Mr Keith Johnson (BURKE, VICTORIA) - With respect to you, Mr Chairman, I am trying to make a point. To make the point I must draw a distinction between conciliation and arbitration. The purpose of clause 6 is to bring about a position in which there is less inflammation of industrial situations. The general inflammation of industrial situations starts in the factory. I drew attention to the right honourable gentleman's continual use of the word 'arbitration' because that is the way in which his mind functions. He and the class of people he represents always think of arbitration. The trade unionist thinks of conciliation and negotiation. If one thinks of negotiation one will start thinking about the people on the factory floor, on the job, negotiating directly with their employer or his representative. They are in a very weak position to negotiate if they run the risk of being railroaded out of the factory simply because they have had the courage to stand up to their employer on behalf of their fellow employees.

This clause seeks to prevent that sort of situation occurring. It seeks to encourage negotiation at the factory level where uninhibited negotiations can take place within the rules. Obviously honourable members opposite have not read the Bill. Clause 6 (a) seeks to insert the following paragraph in the Act:

(f)   being an officer, delegate or member of an organisation, has done, or proposes to do, an act or thing, in an industrial establishment or elsewhere, for the purpose of furthering or protecting the industrial interests of the organisation or of its members, being an act or thing - these are the pertinent words - done within the limits of authority expressly or impliedly conferred on him by the organisation.

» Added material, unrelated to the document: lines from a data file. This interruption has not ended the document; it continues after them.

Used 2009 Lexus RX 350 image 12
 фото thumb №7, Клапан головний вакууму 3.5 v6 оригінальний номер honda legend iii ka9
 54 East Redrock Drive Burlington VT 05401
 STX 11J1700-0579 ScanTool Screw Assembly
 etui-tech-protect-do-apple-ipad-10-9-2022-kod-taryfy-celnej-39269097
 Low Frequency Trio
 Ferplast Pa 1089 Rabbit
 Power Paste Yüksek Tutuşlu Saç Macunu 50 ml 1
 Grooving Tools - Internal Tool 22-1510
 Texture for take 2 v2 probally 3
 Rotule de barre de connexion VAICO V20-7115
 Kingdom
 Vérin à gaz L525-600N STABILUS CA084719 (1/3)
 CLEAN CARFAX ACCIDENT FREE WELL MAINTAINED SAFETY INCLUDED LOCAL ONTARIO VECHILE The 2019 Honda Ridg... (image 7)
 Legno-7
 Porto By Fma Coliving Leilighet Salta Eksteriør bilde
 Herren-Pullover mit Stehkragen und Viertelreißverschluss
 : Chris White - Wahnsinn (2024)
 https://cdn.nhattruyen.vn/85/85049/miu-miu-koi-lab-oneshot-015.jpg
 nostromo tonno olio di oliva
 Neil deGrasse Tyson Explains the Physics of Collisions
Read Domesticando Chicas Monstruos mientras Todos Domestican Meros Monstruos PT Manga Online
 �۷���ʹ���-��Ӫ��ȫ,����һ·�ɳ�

The organisation in this case is the union. Shop stewards will not be acting unilaterally or as free agents in this matter. They can only act lawfully. They can only act within the limits of authority expressly or impliedly conferred on them by their unions. They are in an excellent position to open negotiations, and on very many occasions they settle disputes.

No reasonable person would expect a single employee of a corporation or a group of employees of a corporation - the word 'corporation' has been used continually during the course of this debate - to stand alone against that corporation unless they in turn were guaranteed some form of protection. The Bill provides that protection. No reasonable person could dispute the terms of the Bill. All sorts of nit picking have been engaged in by the Opposition in an endeavour to show that this Bill has some ulterior motive. One would think that, with the passage of this Bill, the revolution was about to start, to paraphrase the remarks of the honourable member for Moreton. I am sorry to be boring him so much that he has to yawn continuously.


Mr Killen - I apologise. It is just tiredness, not boredom.


Mr Keith Johnson (BURKE, VICTORIA) - Thank you. The matter deserves the wholehearted support of this House. I trust that it will have that support. The right honourable member for Lowe has promised us a division on the matter. That shows how strongly he feels about it. Perhaps that is not such a bad idea. Let us show the trade union movement and the 5i million people who work in this country to provide the other 8 million people with the goods and services they need, exactly who stands where when it comes to the protection of the employees and the privilege to be retained by die employing class. The measure will certainly pass this House. There is no doubt in my mind that there are sufficient people with sufficient wisdom in this chamber to support such a measure.